Send to Feedbin for iOS

If you install the Feedbin app on iOS/iPadOS, a brand new “Send to Feedbin” action will show up near the bottom of the Share Actions panel. Tapping “Send to Feedbin” will do what it says on the tin.

Safari on iPadOS’s Share Actions dropdown menu, at the bottom is the Send to Feedbin action

Worth noting: You can still use whatever RSS reader you want, but need the Feedbin app for the Share Action. As seen in the screenshot, Reeder has a “Read Later” action, but I get an “Unable to save item” error when I try it. You may have better luck.

Bookmarklet

For everywhere else non-iOS (like your desktop browser) there’s a bookmarklet you can install under the Sources > Pages section of the Feedbin settings screen. Drag the link to your bookmarks bar.

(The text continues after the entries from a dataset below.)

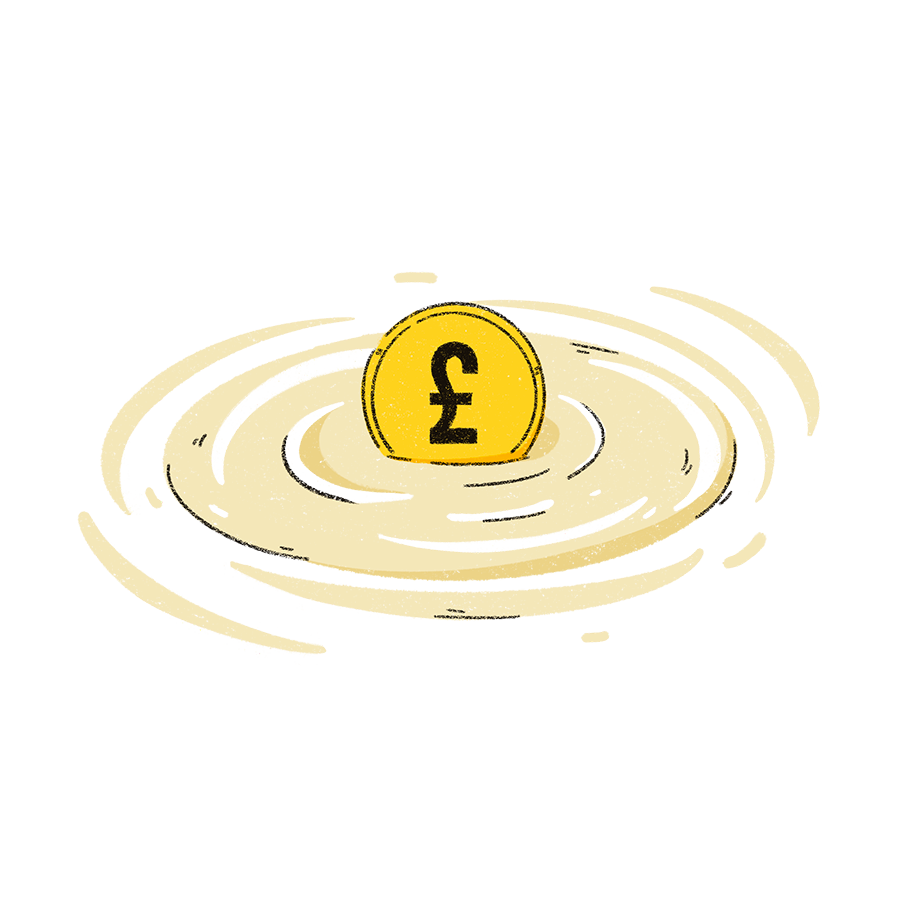 The image shows a yellow pound coin in water with ripples spreading around it.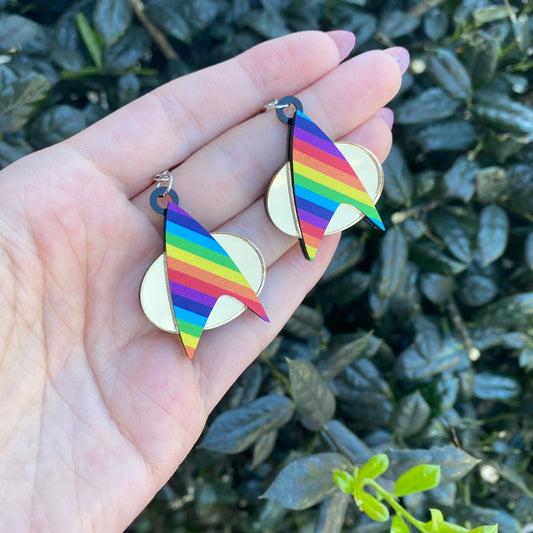 TNG Rainbow Commbadge Earrings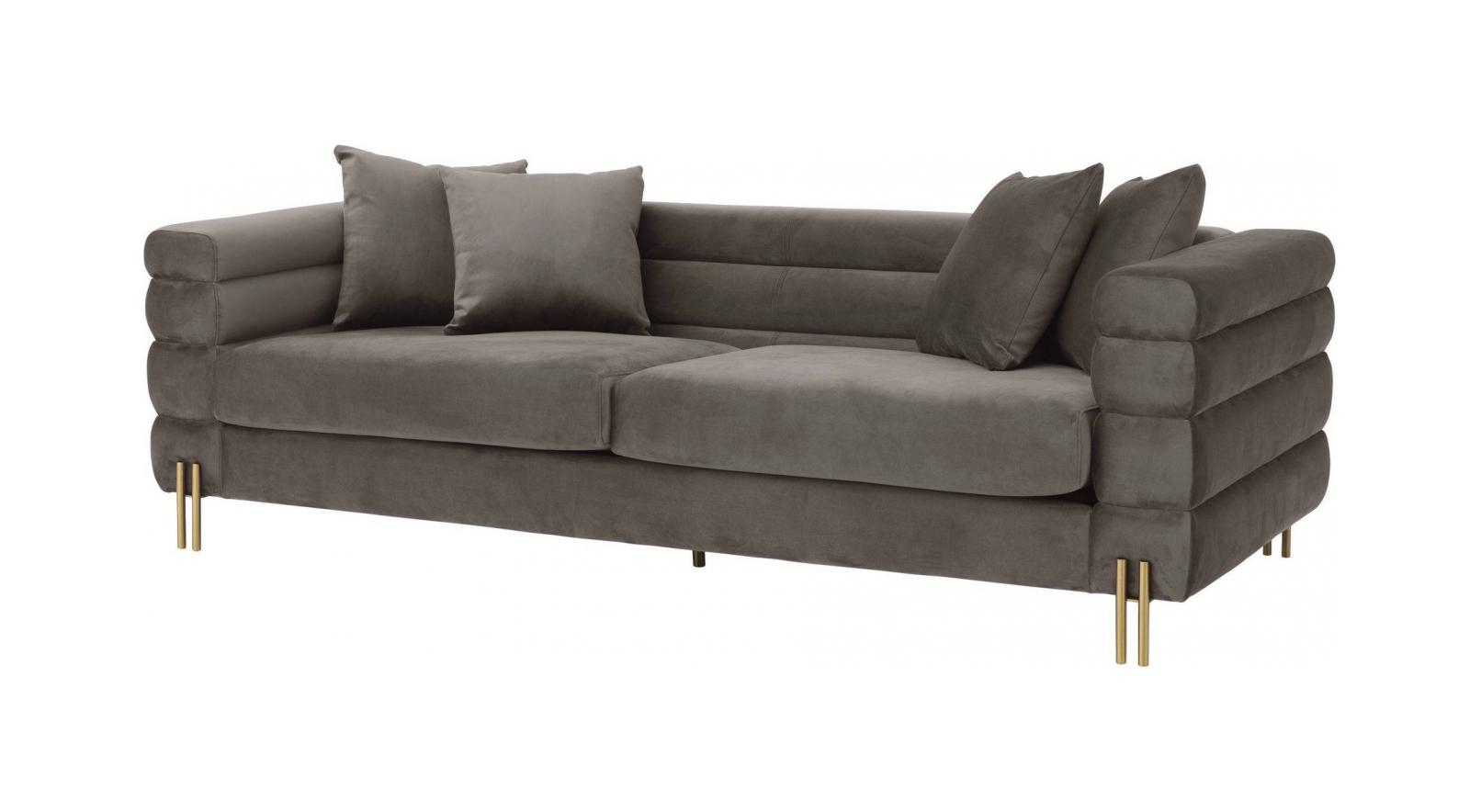 Диван YORK 230х95 см серый бархат, латунные ножки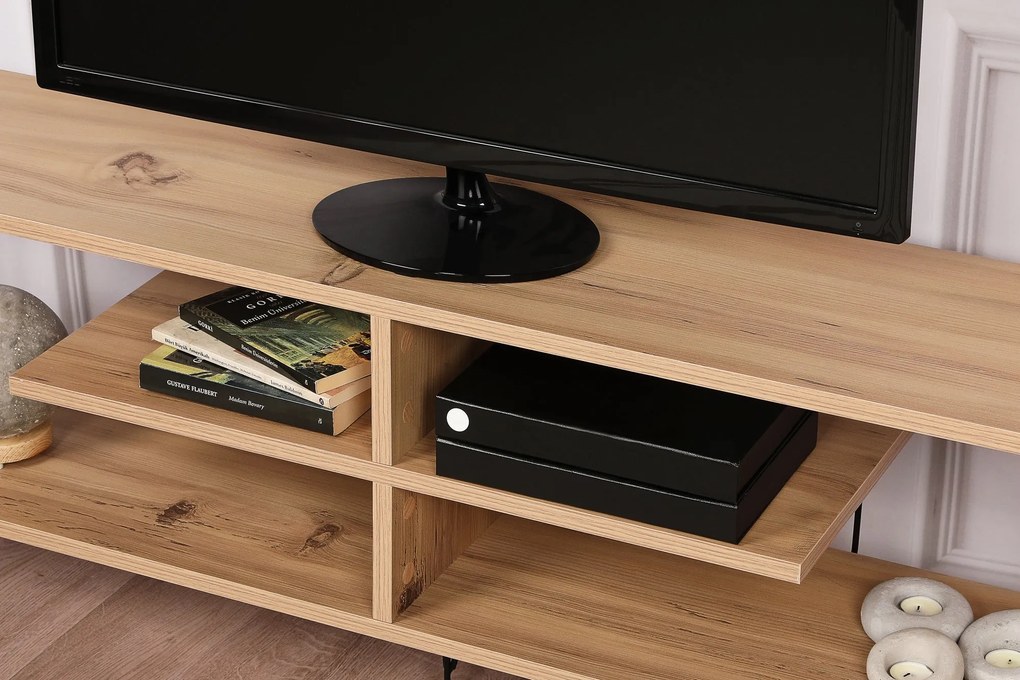 Comoda TV Eze, Crem - Alb - Maro - Gri, 120 x 45 x 30 cm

Screenshot of the Send to Feedbin Bookmarklet in the Feedbin admin panel

My current browser (Arc) doesn’t support bookmarklets, so I created a Chrome extension using Peter Legierski’s Convert bookmarklet to Chrome extension tool. I could create a downloadable Add to Feedbin extension… but that sounds like work. It would be nice if Feedbin macOS app added the Share Action like the iOS apps, but the custom bookmarklet→extension workaround works fine.

Happy RSS’ing

There’s a really simple syndication pleasure in sending the articles that come across my periphery over to RSS reader rather than keeping 30 tabs open all the time. All my reading in one place™. I love your ideas and want to read them, but I’ll wait until I have more time to pay attention. Warm and dry away from the algorithmic rivers of endless content, I’m back to reading at my leisure. I’m reclaiming my time. I’m rewilding my attention. This is freedom, freedom from the algorithm.